私は、法律学の専門家ではないが、同じ公行政の研究をしてきた者として、われわれが改めて熟考すべき重要な指摘をされていると思う。

わが国は法治国家であると自認し、多くの法令が作られ、日常的な行政の業務もそれに基づいて実施されている、と多くの国民が思い、法律家も行政官もそのように受けとめて行動している。だが、法治主義という思想が誕生した欧州諸国のそれと比較したとき、その重要な要素を欠いているのではないか。

それを感じさせたのが、この記事の最後の方の日本の弁護士からの「なぜ人権を大事にしているドイツやフランスでこんなに強度の制限ができたんですか」という質問の部分である。
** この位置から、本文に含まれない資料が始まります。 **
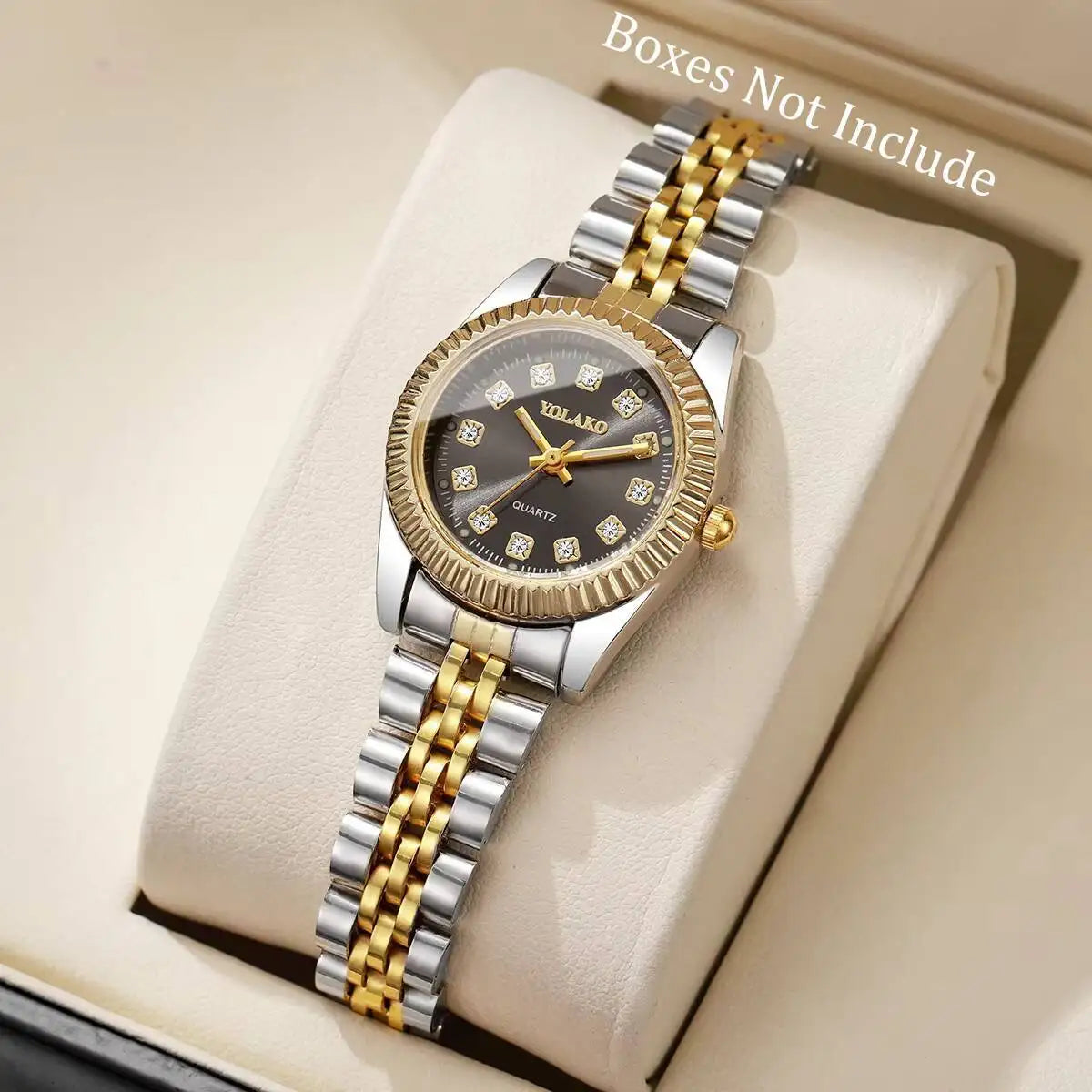 Luxury Rhinestone Men Business Watches Fashion Women Quartz Watch with Calendar Clock Gift(Without Box)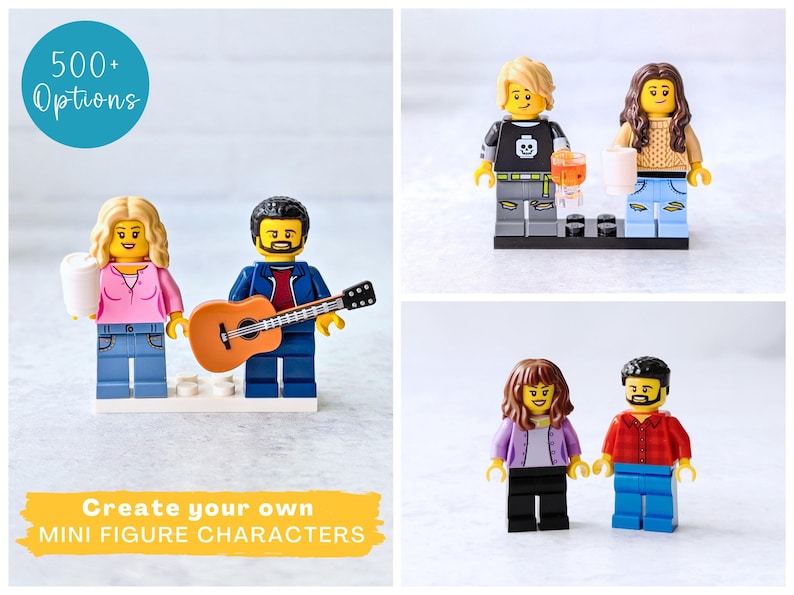 Three sets of mini figure couples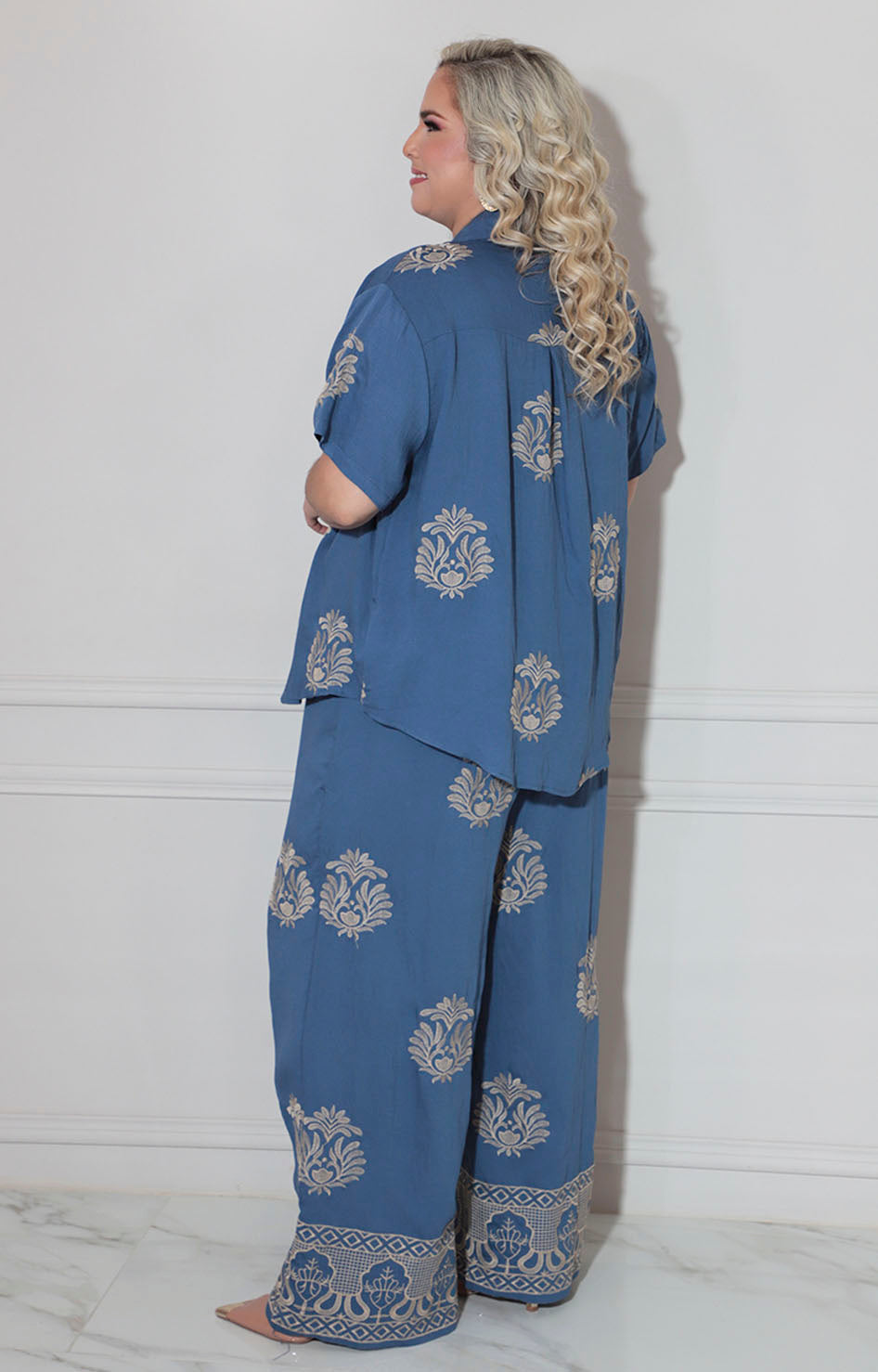 Conjunto azul bordado - CONJUNTO XL Boutiquemirel 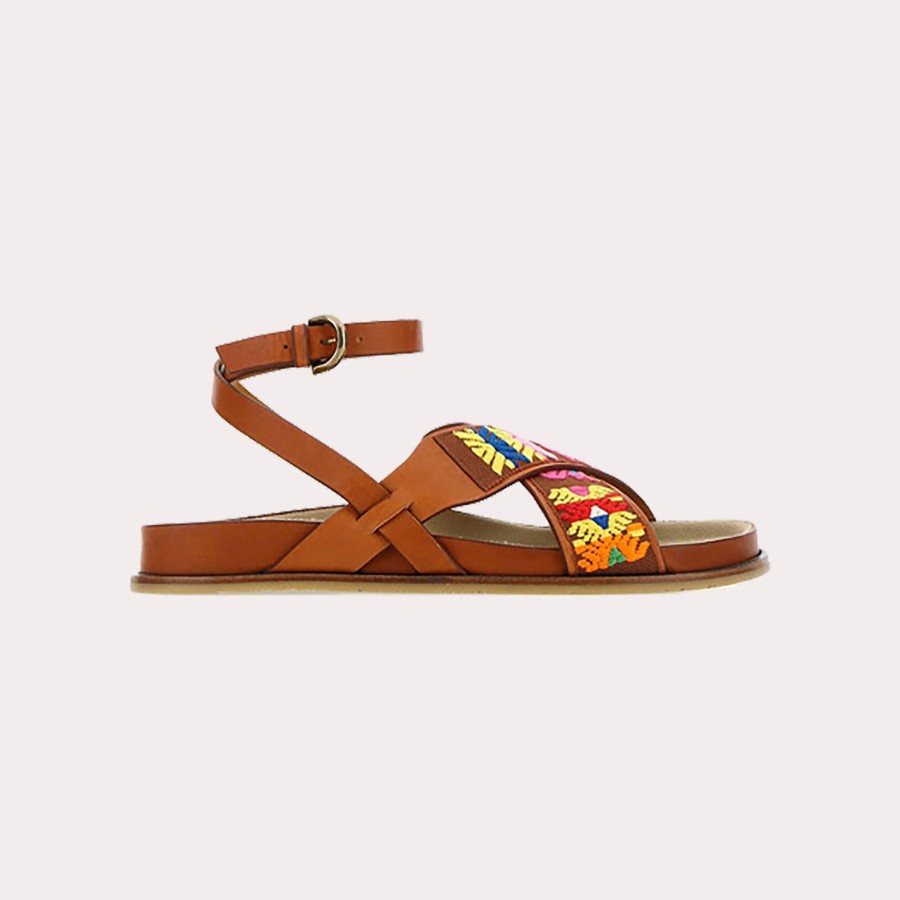 Shoes ETRO | Etro-Flat Embroidered Leather Sandals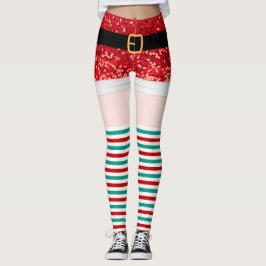 Santa Claus red glitter Leggings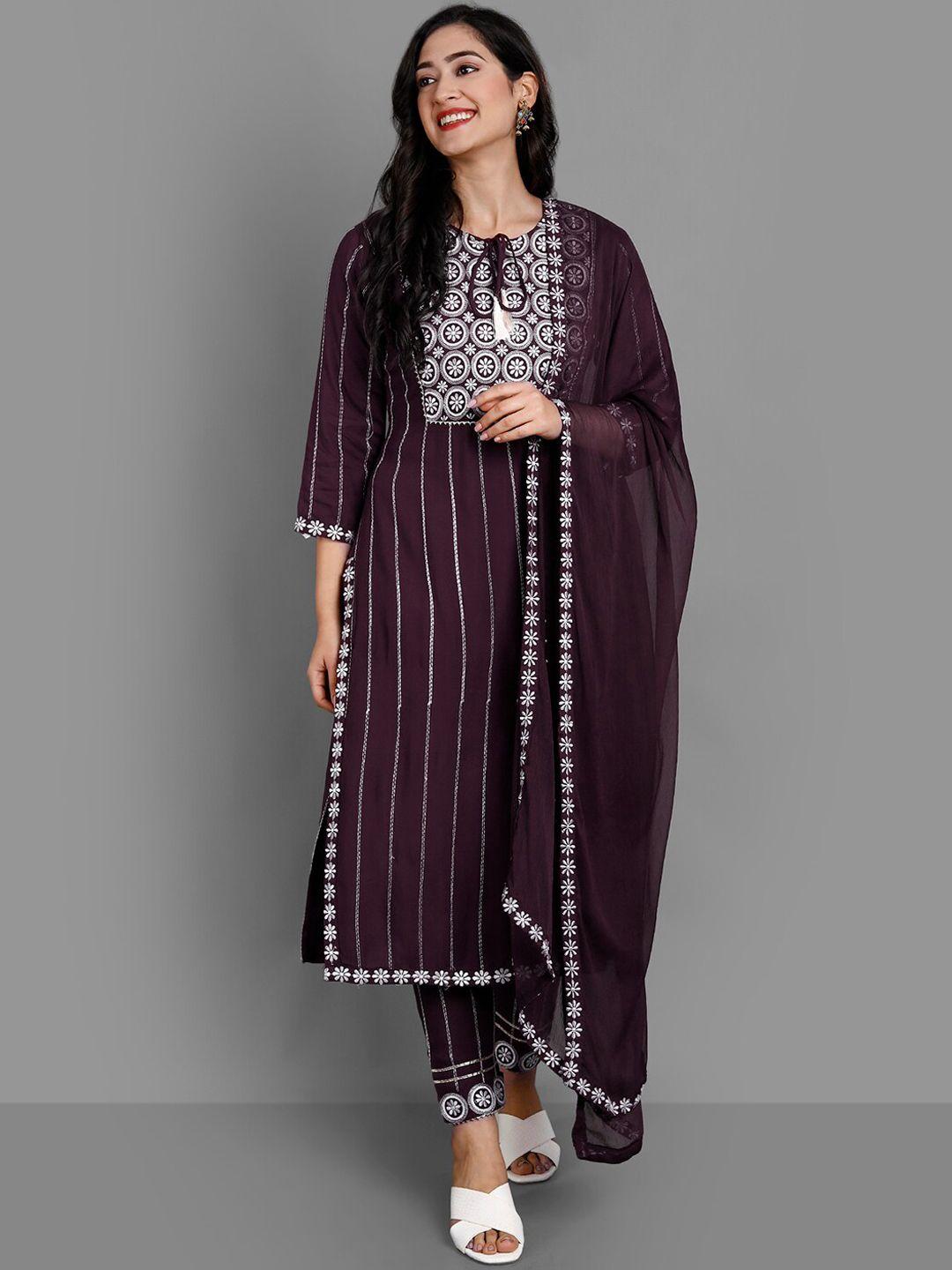 ziva fashion women brown embroidered panelled kurta with trousers & with dupatta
このような認識をもっている弁護士は少数と思うが、正直なところ驚いた。法学教育のあり方を含め、国家とはどのようなものか、国家と国民との関係、そして国家統治における法の機能等について、しっかりと勉強してほしい。このような問題を浮き彫りにした点で、コロナ禍は、よい機会を与えてくれた。

私が学んできた公行政、公法理論の教えるところは、法治主義の下にある国家は「人権を大事にするから、必要な場合には強い規制を行う。」というものである。人権は、何も規制を受ける事業者だけがもっているのではない。すべての国民が平等に基本的人権を有し、むしろ一般国民は生命、健康を、本人に起因しないリスクから守られる権利を有しているということができ、国家は一般国民のそのような権利を守る義務を有している。それが、民主主義に基づく法治国家である。さらにいえば、無力の多数の国民の生命や財産を、災害や犯罪等、個人の力では防ぐことのできないリスクから守るために国家が存在しているといってよい。

そして、一部の国民の行為が、不特定多数の無辜の民の人権を侵害する可能性があるとき、その一部国民の行為を規制するのは当然のことであり、それをしっかりと実施して国民の生命、健康を守るのが法治国家であろう。公衆衛生は、その最も典型的なケースだ。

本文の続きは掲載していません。